General characteristics
- Type: 20-gun Sixth Rate
- Tons burthen: 256+45⁄94 bm
- Length: 92 ft 1 in (28.1 m) gundeck; 77 ft 8 in (23.7 m) keel for tonnage;
- Beam: 24 ft 11 in (7.6 m) for tonnage
- Depth of hold: 10 ft 8 in (3.3 m)
- Armament: initially as ordered; 20 × sakers on wooden trucks (UD); 4 × 3-pdr on wooden trucks (QD); 1703 Establishment; 20 × 6-pdrs on wooden trucks (UD); 4 × 4-pdr on wooden trucks (QD);

= HMS Seahorse (1694 sixth rate) =

British warship

HMS Seahorse was a member of the standardized 20-gun sixth rates built at the end of the 17th century. After commissioning she spent her career in the North Sea, the English Channel, Irish sea, Newfoundland and finally Jamaica. Mainly employed as a trade protection vessel. She was wrecked in 1704.

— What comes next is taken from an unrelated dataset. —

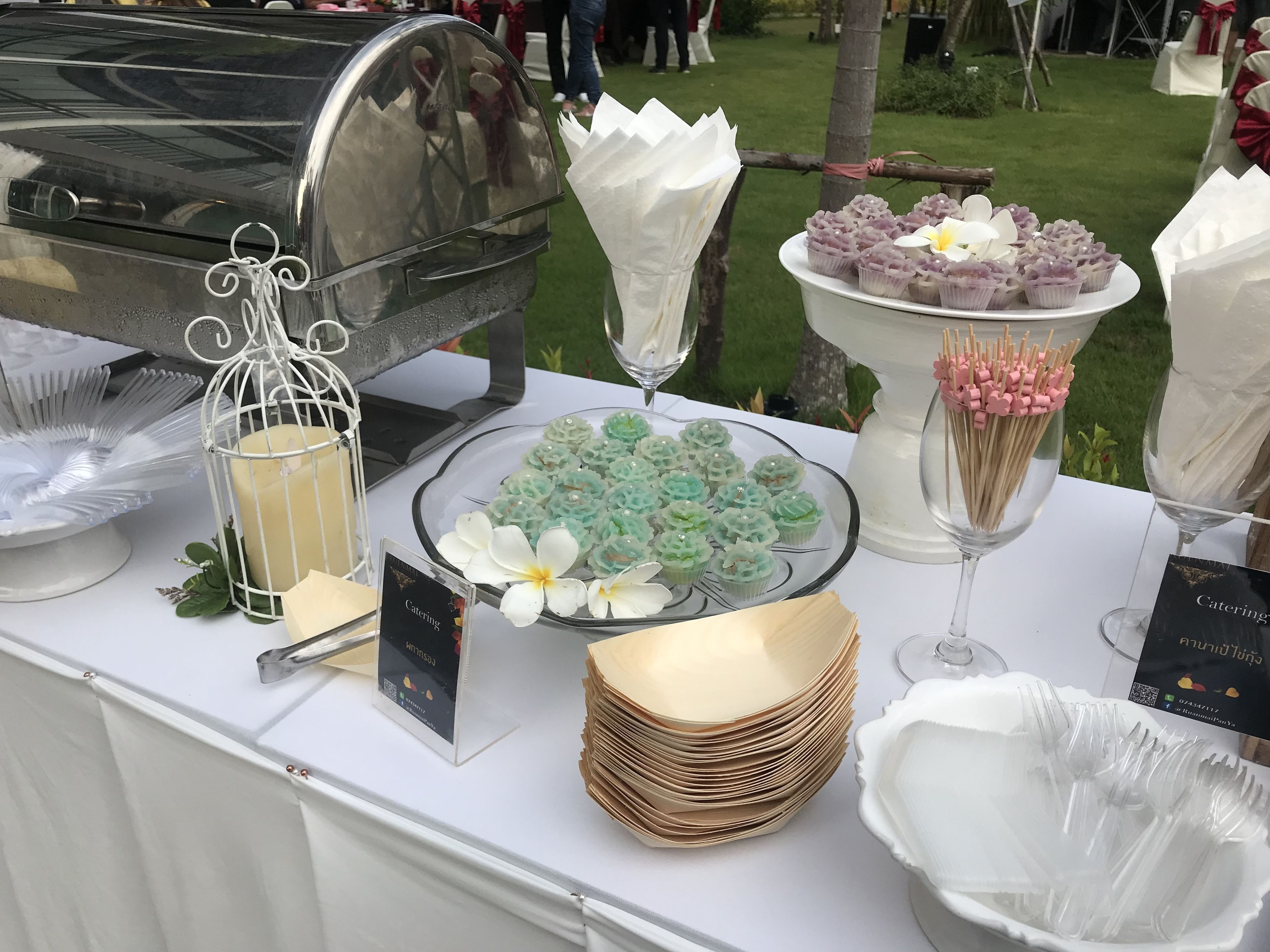 Een cateringtafel met diverse soorten eten, waaronder cupcakes, een kaars en een bordje waarop cateringdiensten worden aangegeven.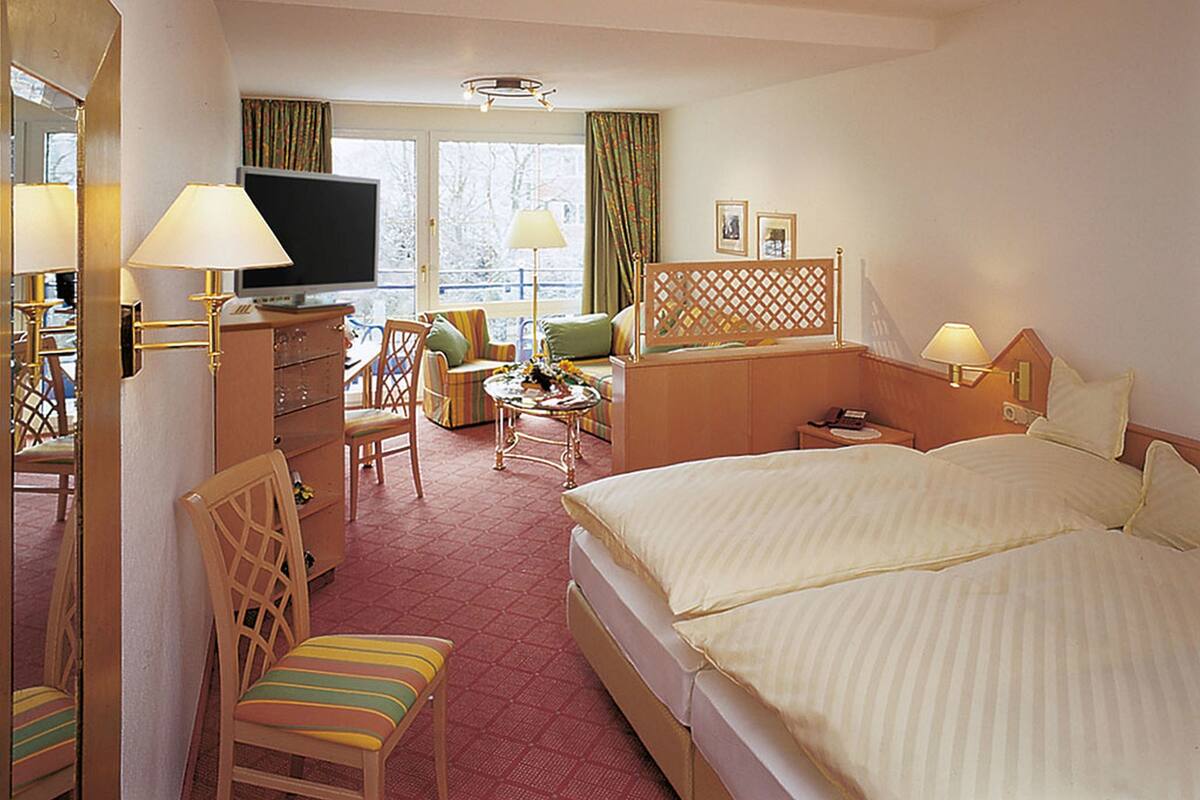 A hotel room with a large bed, a television, a desk with a lamp, a chair, and a window with curtains.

Seahorse was the fourth named vessel since it was used for a ship captured in 1626 and last mentioned in 1635.

==Construction==
She was ordered in the second batch of eight ships to be built under contract by John Haydon of Limehouse. She was launched on 27 September 1694.

==Commissioned service==
She was commissioned on 13 August 1694 under the command of Captain Nathaniel Grantham, RN, then Captain Anthony Tollett, RN for service in the English Channel. Captain John Drake, RN took command on 15 January 1696 until his death on 22 November 1697 for service in the Irish Sea then on to Newfoundland in 1697. In 1698 Captain George Walton, RN took over, joining Aylmer's squadron in the Mediterranean in November 1698. Captain Hercules Mitchell took command on 29 June 1701 for service at Jamaica. Captain William Russel, RN took command in June 1702 until his death on 30 June 1703. In 1704 she was under the command of either Commander Richard Jones or William James.

==Loss==
HMS Seahorse was wrecked off Manchinoncal, Jamaica, on 14 March 1704.